Each player name in the chart links to a dedicated trade value profile. Those pages give you a cleaner view of the player's redraft value, dynasty value, position context, comparable players, and practical trade advice before you enter the full package into the calculator.
To compare a one-for-one trade, find both players and compare the values that match your league. If one player is valued much higher, the lower-valued side may need another player or pick to balance the deal. If the values are close, roster need, scoring format, and positional scarcity become the deciding factors.

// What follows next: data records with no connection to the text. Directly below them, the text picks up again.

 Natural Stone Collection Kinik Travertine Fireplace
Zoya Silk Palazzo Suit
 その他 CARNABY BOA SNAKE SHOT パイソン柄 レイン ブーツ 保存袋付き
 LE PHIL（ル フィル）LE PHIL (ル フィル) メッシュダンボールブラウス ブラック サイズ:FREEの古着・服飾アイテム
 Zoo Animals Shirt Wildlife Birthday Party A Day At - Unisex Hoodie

For package trades, add the values on each side. A player worth 90 may be close to two players worth 50 and 40, but that does not automatically make the package better. The side receiving the best player often gains lineup concentration and an open roster spot. The side receiving multiple players needs those players to become real starters or useful depth.
Values are estimates, not guarantees. A chart cannot know every injury update, league setting, or coaching change. It also cannot know your exact roster. The chart is designed to support trade research and calculator pages. It does not claim to be official rankings or guaranteed projections.
Positional scarcity affects value. A running back with secure touches can be harder to replace than a similar-value wide receiver in some leagues. Elite tight ends may be valuable because the drop to replacement options is steep. Quarterbacks are often less expensive in one-quarterback leagues but much more valuable in superflex and two-quarterback formats.
Redraft and dynasty values should be read separately. Redraft values focus on current-season usefulness. Dynasty values consider age, long-term role, future upside, and market value. A veteran can rank higher in redraft while a younger player ranks higher in dynasty. Make sure you use the column that matches your league format.
The chart works best alongside the fantasy trade analyzer, fantasy trade calculator, and dynasty trade calculator. Use this page to find values and tiers, then enter the exact deal into the calculator to review totals, fairness score, and recommendation text.
When values are close, think about starting lineup impact. A trade that improves your weekly starters may be worth accepting even if the values are nearly even. A trade that adds bench value but weakens a starter should be treated carefully. The chart helps you compare assets; your roster tells you whether the trade makes sense.